I have been working on a new system that will allow plugin developers to easily get intricate configuration dialogs from just a description of the properties that govern rendering. For example, adding this code in an Effect:

protected override PropertyCollection CreatePropertyCollection()
List<Property> props = new List<Property>();

props.Add(new Int32Property(PropertyNames.Factor, 1, 1, 10));
props.Add(new DoubleProperty(PropertyNames.Zoom, 10, 0, 100));
props.Add(new AngleProperty(PropertyNames.Angle));

props.Add(new DoubleVectorProperty(
Pair.MakePair(0.0, 0.0),
Pair.MakePair(-1.0, -1.0),
Pair.MakePair(1.0, 1.0)));

props.Add(new Int32Property(PropertyNames.Quality, 2, 1, 4));
props.Add(new BooleanProperty(PropertyNames.InvertColors));

return new PropertyCollection(props, new PropertyCollectionRule[0]);

… generates this type of dialog:

(click for full-size)

All of the layout and data binding is handled automatically, making the plugin author’s life much, much easier. The dialog is resizable, and if there are too many properties to fit on-screen it will automatically provide a scrollbar. The UI itself is still rough draft: the “offset” is still just two sliders right now, for instance, and needs something akin to what we have in the Rotate/Zoom dialog. This system and the UI generation should only improve with time. Eventually I want to have the Rotate/Zoom, Curves, and even Levels configuration dialogs written using this. So far I have an enhanced version of Frosted Glass using this, and have re-done the UI for Clouds up to feature parity with v3.10.

But the great thing about being able to easily get this UI is that it is also very easy to change it.
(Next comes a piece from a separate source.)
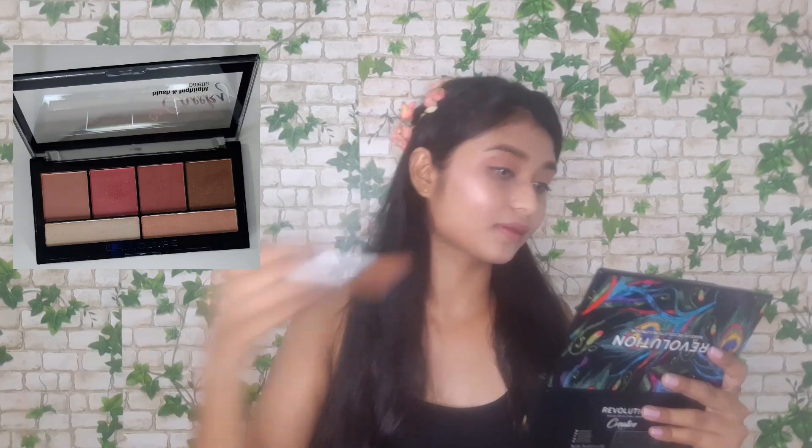Now I am applying a blush from the LA Colors blush and highlight palette. I am applying on my nose and on my cheeks. Here I am applying a lipstick from the Nika lip palette, and now I am applying a highlighter.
What if you want to change the ordering? Add a property? Remove two properties? It’s easy. Just change the code in your CreatePropertyCollection() function.

Once this system is mostly finished for Effect development, I will also be extending it to the UI generation for file type plugins. This will allow me to provide rich configuration for things like HDPhoto, but without having to write a lot of the complicated logic that governs its data binding and property value dependencies (“property Z may only be configured if property M is enabled” … barf).

The other thing some of you may have picked up on is that the code above could easily be auto-generated from, for instance, an XML description of the same properties. This system is being designed to make code generation scenarios simple to implement, such as for CodeLab.

Lastly, once the system is well understood, I will rewrite the “Colors” floater window using the same UI generation and property system. That thing is about 5,000 lines of code and is very fragile. It has grown organically since 2004 and is in very sad shape. It works, but only because it has been thoroughly debugged. I much prefer code that works because it was meant to work (i.o.w. it works by design, not by accident).